= Work item =
I'd like the data beneath this line reproduced exactly, without any of its images.

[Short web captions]
====================

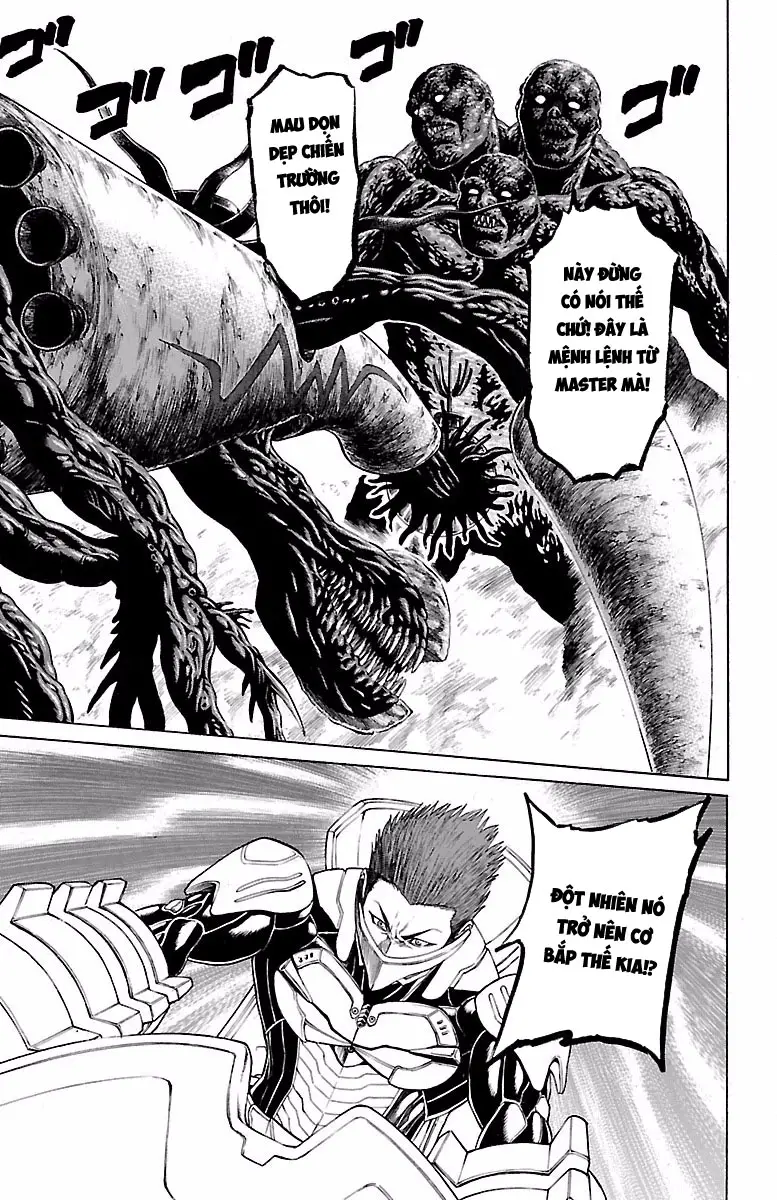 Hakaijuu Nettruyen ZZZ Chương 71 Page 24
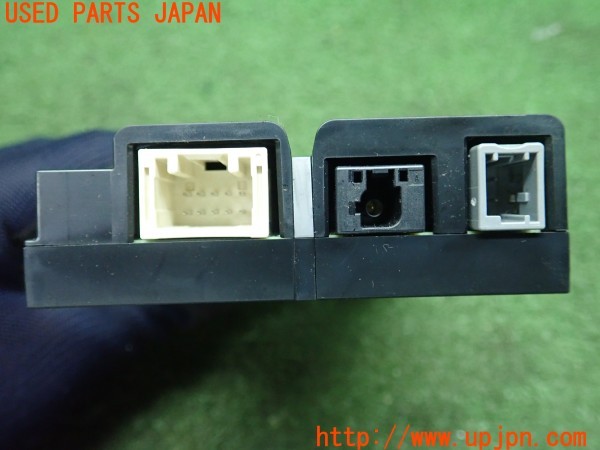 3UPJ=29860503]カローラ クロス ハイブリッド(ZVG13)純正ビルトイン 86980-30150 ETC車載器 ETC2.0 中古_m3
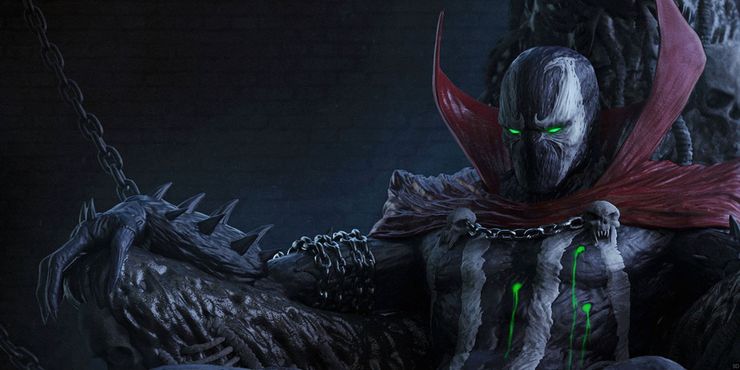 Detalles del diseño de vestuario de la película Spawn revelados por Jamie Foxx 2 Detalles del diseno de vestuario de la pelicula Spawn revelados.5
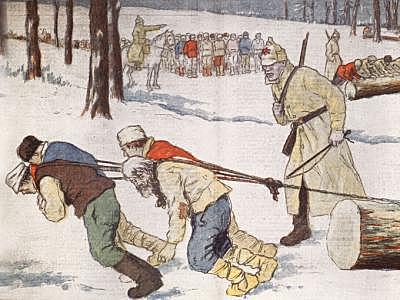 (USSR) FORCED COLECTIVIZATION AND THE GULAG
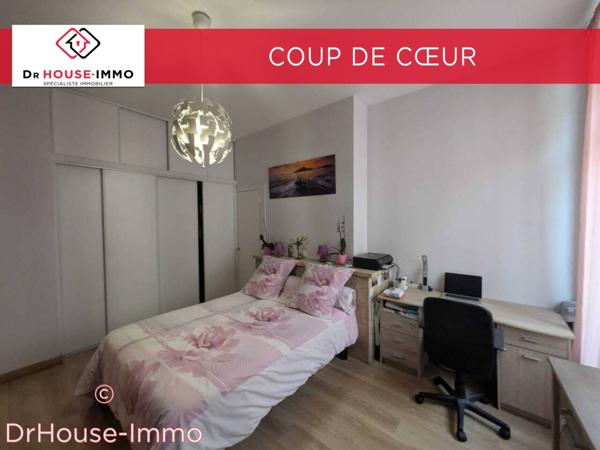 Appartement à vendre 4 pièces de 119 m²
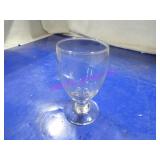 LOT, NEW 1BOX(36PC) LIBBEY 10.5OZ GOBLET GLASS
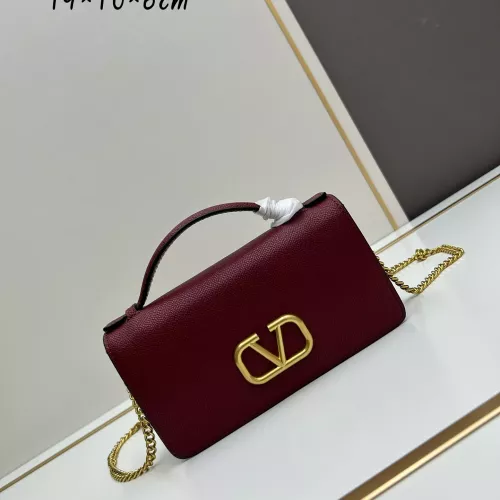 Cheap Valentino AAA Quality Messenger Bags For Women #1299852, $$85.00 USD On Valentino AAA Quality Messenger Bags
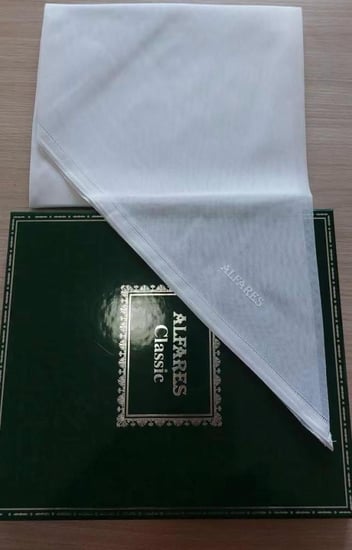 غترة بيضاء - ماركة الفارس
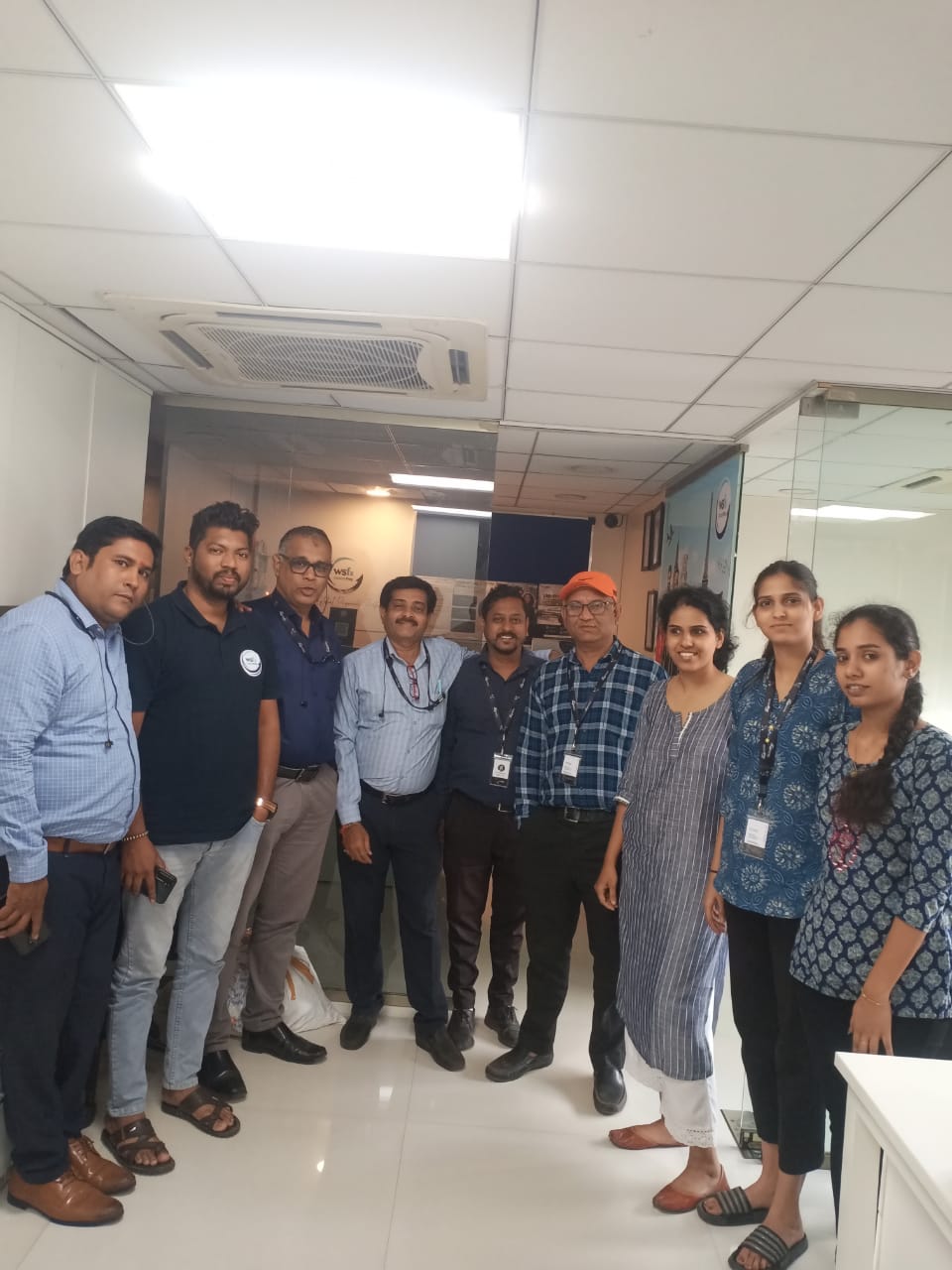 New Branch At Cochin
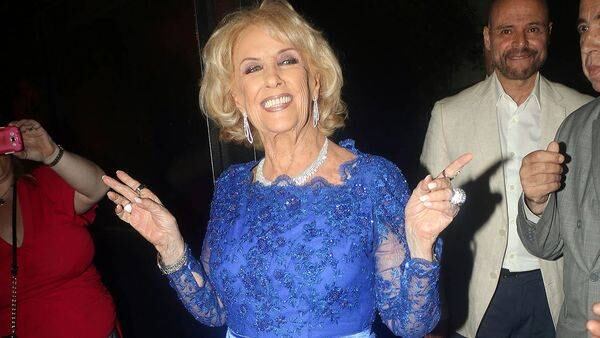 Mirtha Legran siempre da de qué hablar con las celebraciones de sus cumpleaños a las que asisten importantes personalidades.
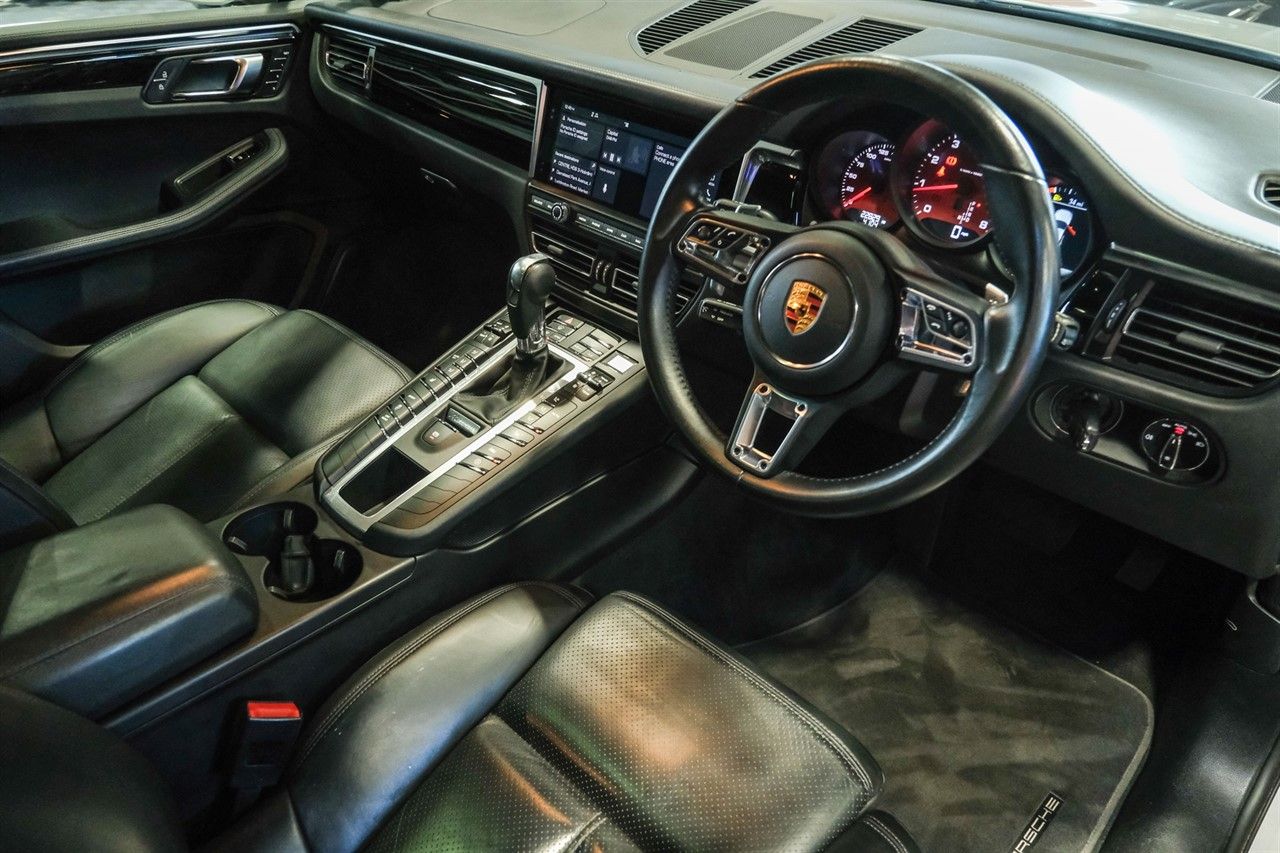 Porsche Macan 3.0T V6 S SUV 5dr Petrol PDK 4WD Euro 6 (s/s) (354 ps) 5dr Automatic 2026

====================

= Answer space =
 Hakaijuu Nettruyen ZZZ Chương 71 Page 24
 3UPJ=29860503]カローラ クロス ハイブリッド(ZVG13)純正ビルトイン 86980-30150 ETC車載器 ETC2.0 中古_m3
 Detalles del diseño de vestuario de la película Spawn revelados por Jamie Foxx 2 Detalles del diseno de vestuario de la pelicula Spawn revelados.5
 (USSR) FORCED COLECTIVIZATION AND THE GULAG
 Appartement à vendre 4 pièces de 119 m²
 LOT, NEW 1BOX(36PC) LIBBEY 10.5OZ GOBLET GLASS
 Cheap Valentino AAA Quality Messenger Bags For Women #1299852, $$85.00 USD On Valentino AAA Quality Messenger Bags
 غترة بيضاء - ماركة الفارس
 New Branch At Cochin
 Mirtha Legran siempre da de qué hablar con las celebraciones de sus cumpleaños a las que asisten importantes personalidades.
 Porsche Macan 3.0T V6 S SUV 5dr Petrol PDK 4WD Euro 6 (s/s) (354 ps) 5dr Automatic 2026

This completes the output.